2. Jammer antenna system according to claim 1, characterized in
that at least one of the antennas is a printed multi layer circuit
board Yagi antenna, a printed multi layer circuit board logarithmic
periodic antenna, or a printed multi layer circuit board rod
antenna.
3. Jammer antenna system according to claim 1, characterized in
that at least one of the antennas is made of a gold layer on a
circuit board.
4. Jammer antenna system according to claim 1, further comprising
at least one electrical connector for connecting the jammer antenna
system to a jammer sender unit; and the main plate comprising a
first layer circuit board comprising the horizontal antenna; and a
second layer circuit board arranged parallel to the first layer
circuit board; the first layer circuit board or the second layer
circuit board having a first vertical antenna connecting conductor
connecting the electrical connector to the first vertical
antenna.
5. Jammer antenna system according to claim 4, the main plate
further comprising a third layer circuit board arranged parallel to
the first layer circuit board; the first layer circuit board,
second layer circuit board, or third layer circuit board having a
second vertical antenna connecting conductor connecting the
electrical connector to the second vertical antenna, wherein the
second vertical antenna connecting conductor is located in another
circuit board than the first vertical antenna connecting
conductor.
6. Jammer antenna system according to claim 4, the connecting
conductors being shielded; and two of the layer circuit boards
being separated by a shielding layer circuit board.

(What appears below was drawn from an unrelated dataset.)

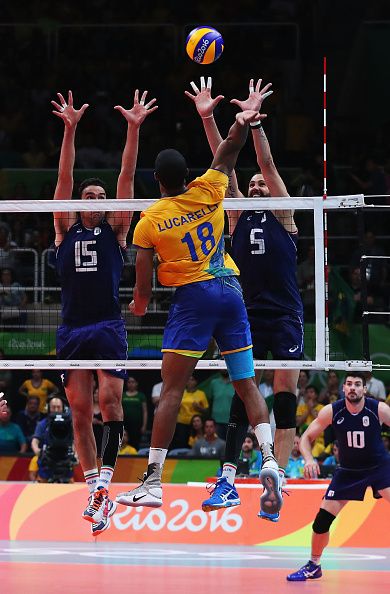 Ricardo Lucarelli of Brazil spikes the ball during the Men's Gold Medal Match… Men Volleyball Aesthetic, Yellow Volleyball Aesthetic, Brazil Volleyball Team, Hawaii Mens Volleyball, Spiking In Volleyball, Volleyball Wallpaper, Brazilian Men, Volleyball Photography, Mens Volleyball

7. Jammer antenna system according to claim 4, a vertical
projection of the second vertical antenna connecting conductor on
the second layer circuit board having no overlap with the first
vertical antenna connecting conductor.
8. Jammer antenna system according to claim 4, the main plate
comprising a plurality of n-th layer circuit boards, the n-th layer
circuit boards having connecting conductors connecting the
electrical connector to a respective vertical antenna or horizontal
antenna, each vertical projection of the connecting conductors on a
neighboring layer circuit board having no overlap with another
connection conductor.
9. Jammer antenna system according to claim 1, comprising a
plurality of LEDs, in particular having a downwards directed cone
of light.
10. Jammer antenna system according to claim 1, the vertical
antennas being connected to the main plate by a plug-and-socket
connection and/or a click connection.
11. Jamming system comprising a jammer antenna system according to
claim 1; and a jammer sender unit electrically connected to the
jammer antenna system, so that the jammer antenna system acts as a
transmitting antenna system.
12. Jammer antenna system according to claim 5, the connecting
conductors being shielded; and two of the layer circuit boards
being separated by a shielding layer circuit board.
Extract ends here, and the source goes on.